Kiyonori Kikutake. Une modernité sophistiquée

En 1960, dans un Japon d’après-guerre en pleine effervescence, un groupe de jeunes architectes présenta durant la «Tokyo World Design Conference» une collection de projets et d’essais théoriques rassemblés dans un manifeste intitulé «Metabolism». Plus d’un demi siècle plus tard, une monographie présente le travail et les écrits de l’une de ses plus remarquables figures, Kiyonori Kikutake.

Si le projet de la Nakagin Capsule Tower de Kisho Kurokawa (1934-2007) est devenu au fil du temps le symbole des théories métabolistes, l’étendue de la carrière de Kiyonori Kikutake (1928-2011) représente aussi l’engagement le plus remarquable de toute cette génération d’architectes qui chercha à travers des représentations visionnaires un nouveau paradigme pour la mutation urgente d’un pays en pleine reconstruction.

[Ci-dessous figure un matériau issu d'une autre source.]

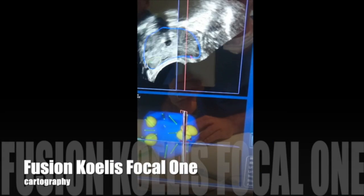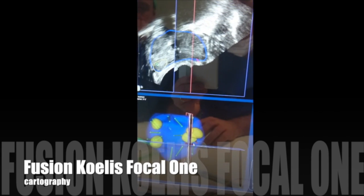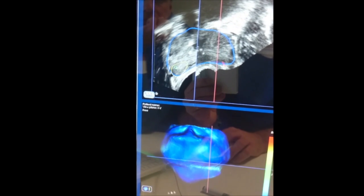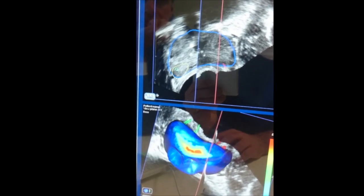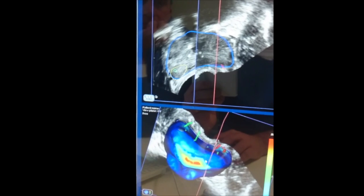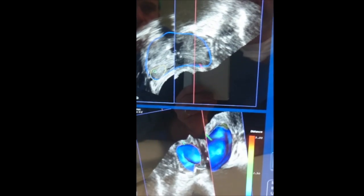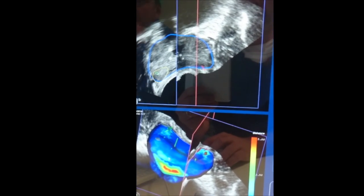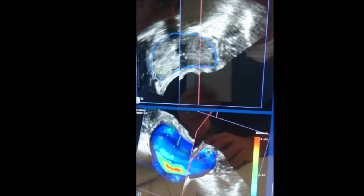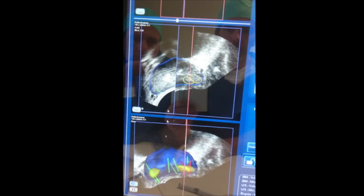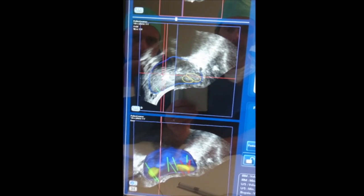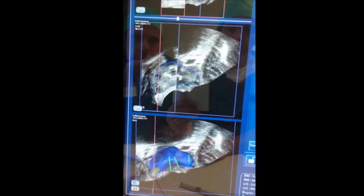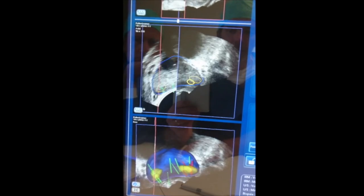You can realize the fusion with the Focal One 3D echographic mapping, the 3D MRI mapping, or the 3D Koelis mapping. The color of the prostate reflects the importance of the distortion during the fusion: in blue when there is a good match, or in yellow if there is an important distortion.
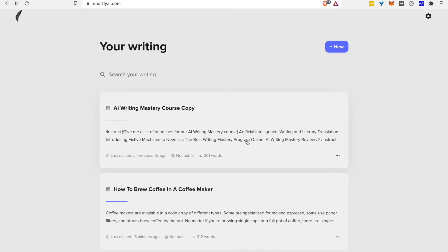Thank you for watching. I hope you found this useful. And if you do choose to try Shortly out, I would greatly appreciate your doing so through the affiliate link in the description below. Thank you all. Best of luck and take care.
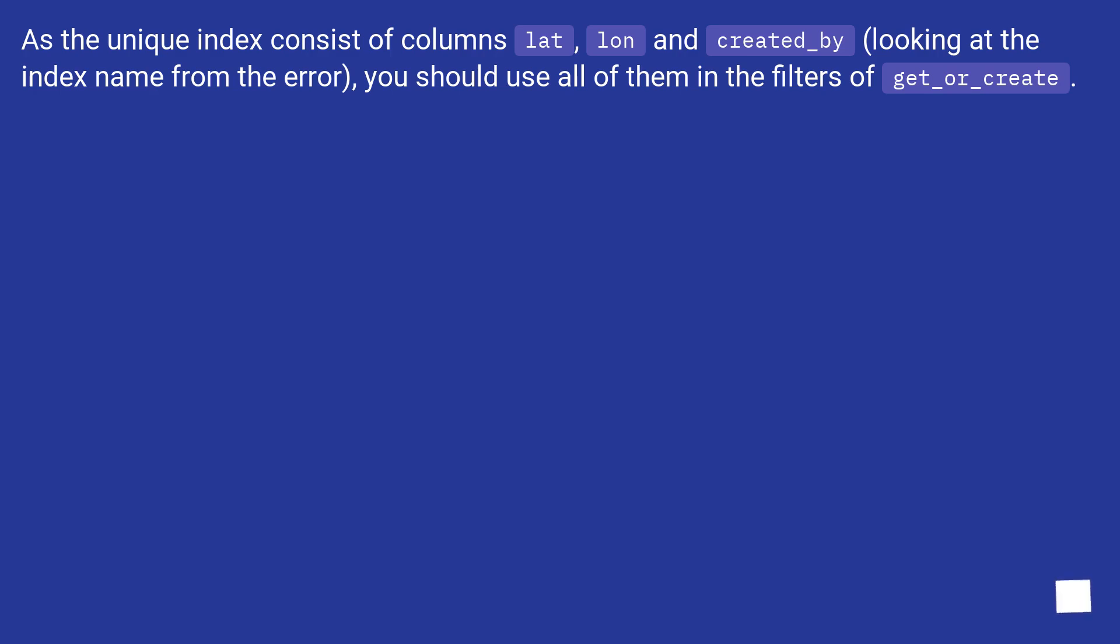As the unique index consists of columns lat, lon, and created_by, looking at the index name from the error, you should use all of them in the filters of get_or_create.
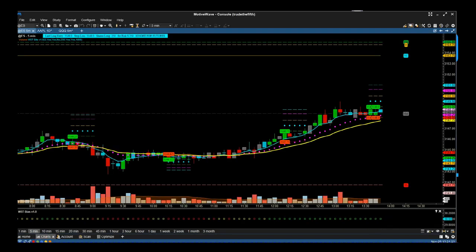Hi, this is Paul from tradethefifth.com, and this is a quick video tour of our BITS indicator suite for the MotiveWave trading platform. This works for forex if you have volume and price action, and it works for futures and stocks — both day trading and swing trading.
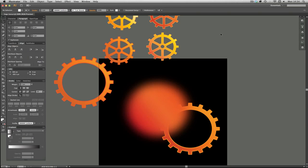Hello and welcome to episode 7 of Illustrator for Noobs. Today we're going to talk about drop shadows.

Adhérant aux slogans modernistes européens et influencé par les théories de l’architecte et designer Kon Wajiro (1988-1973) –le père de la Modernologie–, Kikutake ne s’est pas contentée de suivre la structure moderniste du ‘Form Follows Fonction’, mais a cherché tout au long de sa carrière à maintenir un équilibre entre environnement construit et usage de ses occupants. Ses réalisations, comme le centre administratif d’Izumo ou l’hôtel Tokoen à Yonago City, s’articulent autour d’idées à caractère ostensiblement structurel, complétées par un système de dispositifs amovibles ou interchangeables capable d’accommoder différents modes de vie au fil du temps. Cette vision, d’une grande narrativité et vitalité témoignant d’une nation en pleine croissance, présente dans chaque détail une sélection poétique et raffinée de solutions constructives à la fois innovantes et traditionnelles. Une forme d’existence organique et instable mais à l’essence manifestement domestique et humaine. Doté d’un imaginaire fasciné par la technologie et convaincu que les principes géométriques et structurels de cette ‘architecture du remplacement’ pouvaient également s’appliquer aux environnements urbains à plus large échelle, Kikutake développa tout au long de sa carrière plusieurs propositions urbaines dont notamment son projet pour l’urbanisation des océans – Ocean Urbanism. Une vision territoriale qui souligne infailliblement la nature incomplète de la ville, comme œuvre en perpétuelle mutation.

Cette publication récente, Kiyonori Kikutake : Between Land and Sea, publiée à la suite d’une exposition organisée en 2012 à la Harvard Graduate School of Design nous invite à reconsidérer la relation simpliste qui s’est instaurée de nos jours entre politique et technologie, planification et économie ou encore esthétique et psychologie. Un ouvrage remarquable qui articule à la perfection les travaux tant pratiques que théoriques d’un architecte qui nous défie de penser le monde de demain autrement et nous encourage à remettre en cause l’équilibre actuel entre utilité et poésie.

Kiyonori Kikutake: Between Land and Sea

Couverture du livre: Kiyonori Kikutake. Between Land and Sea

Lars Müller Publishers ©2016. Hardback, 25X20.7cm, 216 pages, 209 images. 50€

Edité par Ken Tadashi Oshima en coopération avec la Harvard University Graduate School of Design et dérivé de l’exposition organisée en août 2012 en hommage posthume à la figure de Kiyonori Kikutake : ‘Tectonic Visions between Land and Sea: Works of Kiyonori Kikutake’. Avec les contributions de Toyo Ito, Kuan Seng, Mark Mulligan, Ken Tadashi Oshima, Kazuo Sejima et Fred Thompson.